PROBLEM: From the listing below, reproduce exactly the lines starting with the one with "Kakegurui Chap 5 - Next Chap 6" and going on through the one with "Maruti Suzuki Wagon R", both ends kept. No picture is copied.

DATA UNDER STUDY:
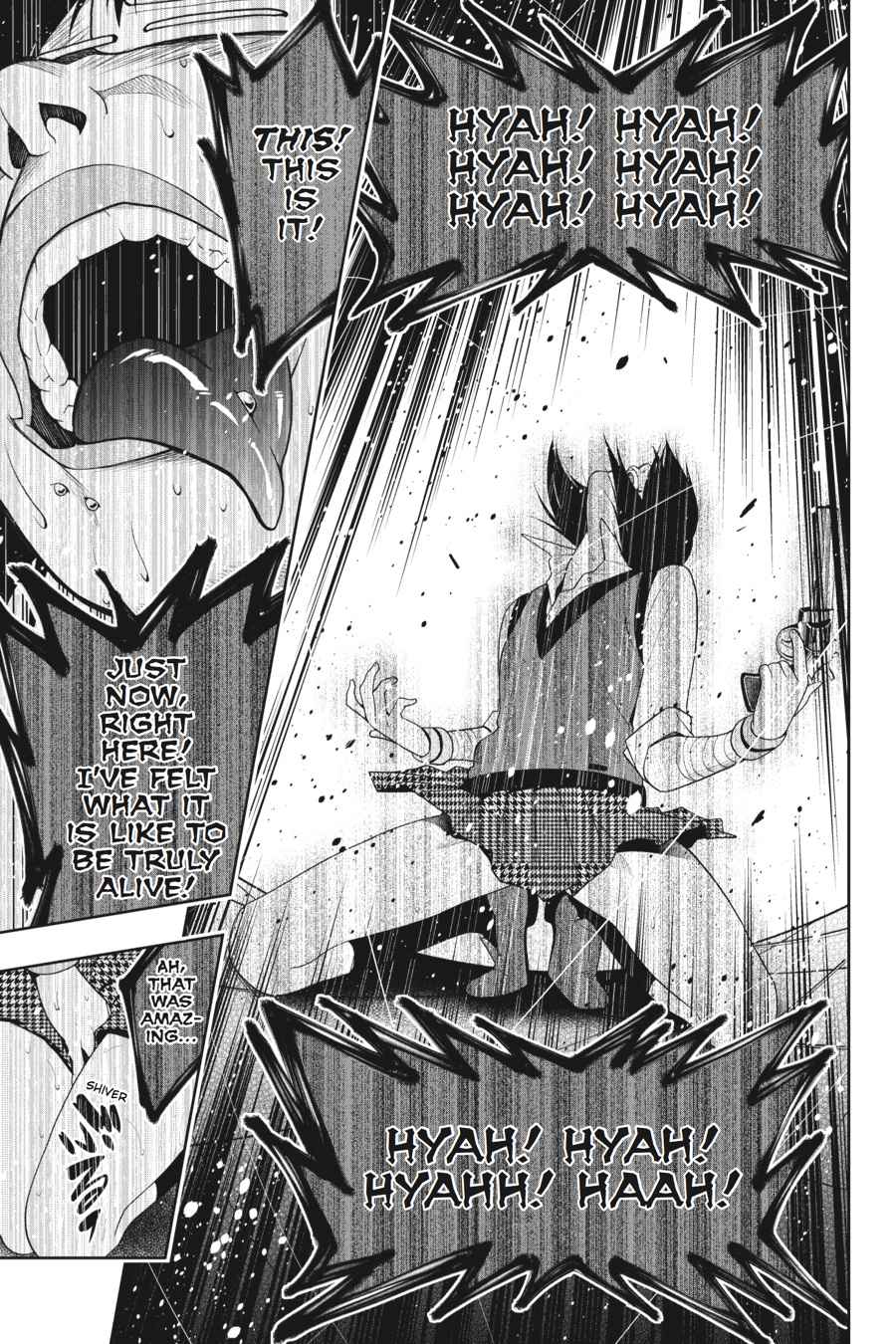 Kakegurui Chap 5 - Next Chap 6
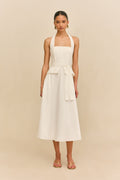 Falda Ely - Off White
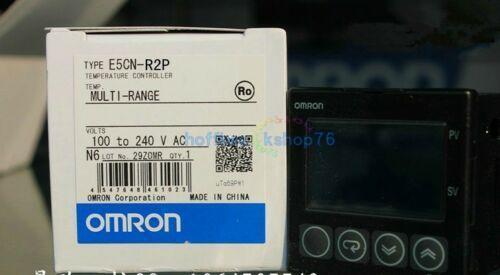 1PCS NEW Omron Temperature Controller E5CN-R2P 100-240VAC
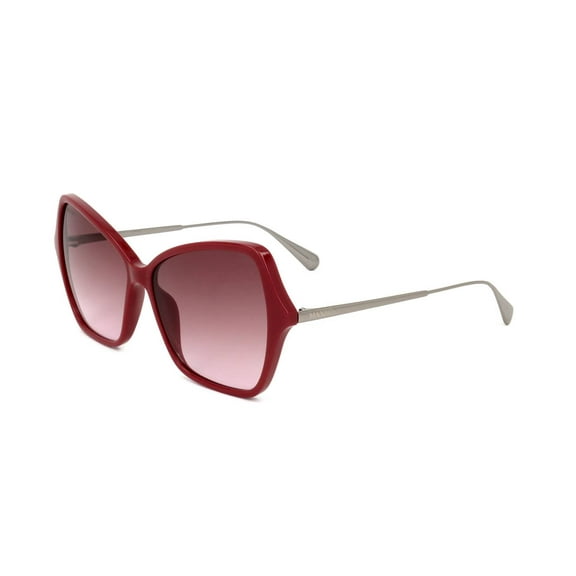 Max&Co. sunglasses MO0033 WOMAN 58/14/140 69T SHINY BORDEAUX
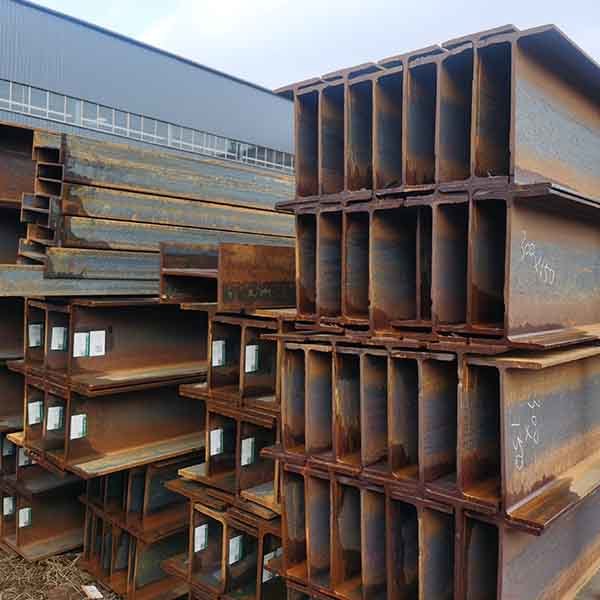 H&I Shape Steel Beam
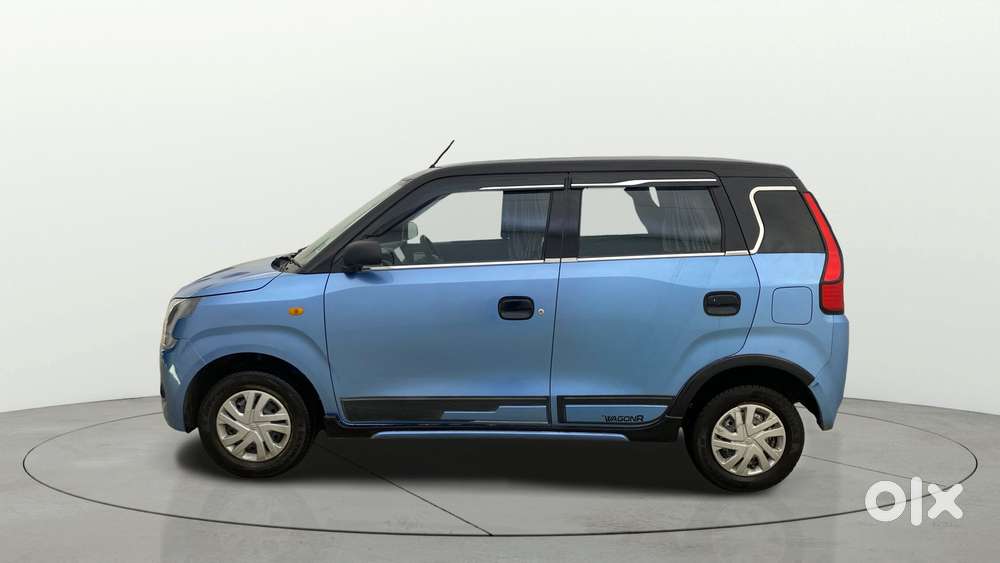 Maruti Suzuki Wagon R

==

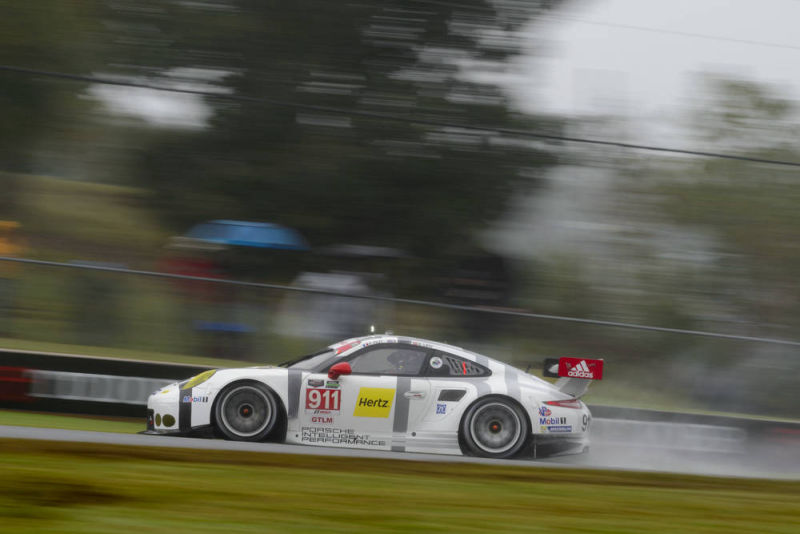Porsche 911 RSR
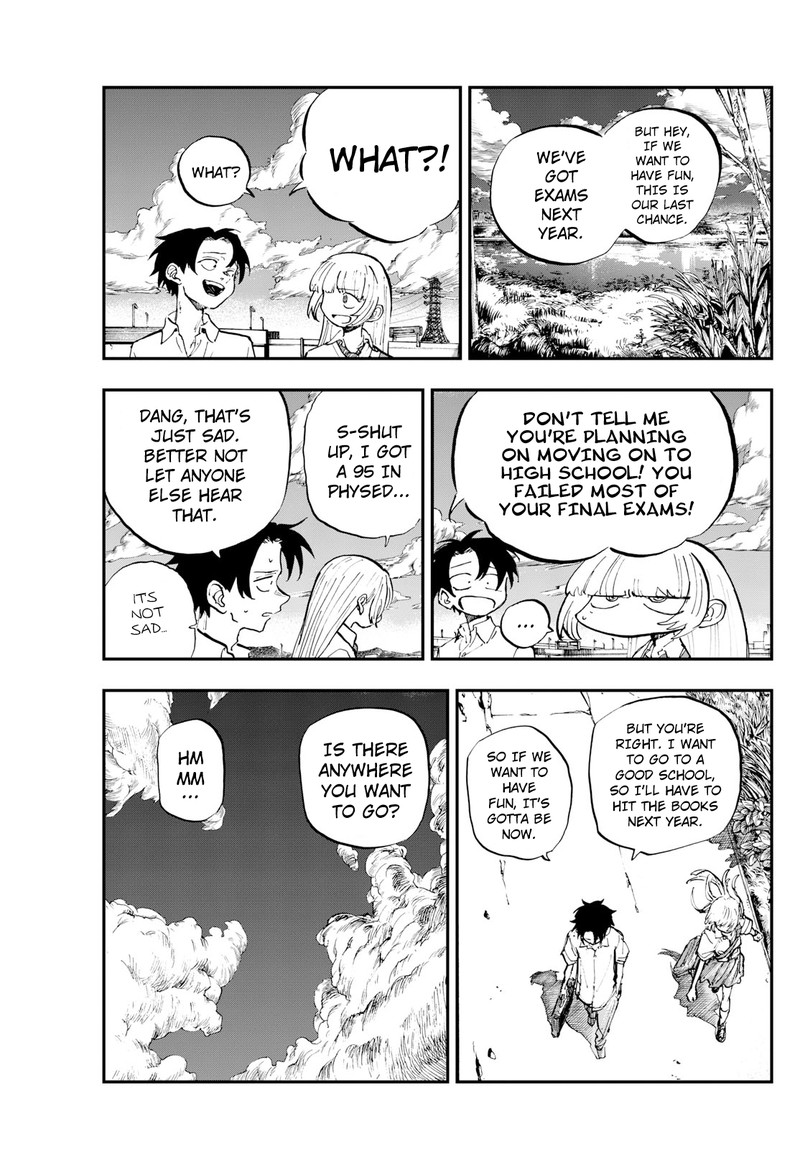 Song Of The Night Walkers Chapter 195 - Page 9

RESPONSE TO THE EXERCISE:
 Kakegurui Chap 5 - Next Chap 6
 Falda Ely - Off White
 1PCS NEW Omron Temperature Controller E5CN-R2P 100-240VAC
 Max&Co. sunglasses MO0033 WOMAN 58/14/140 69T SHINY BORDEAUX
 H&I Shape Steel Beam
 Maruti Suzuki Wagon R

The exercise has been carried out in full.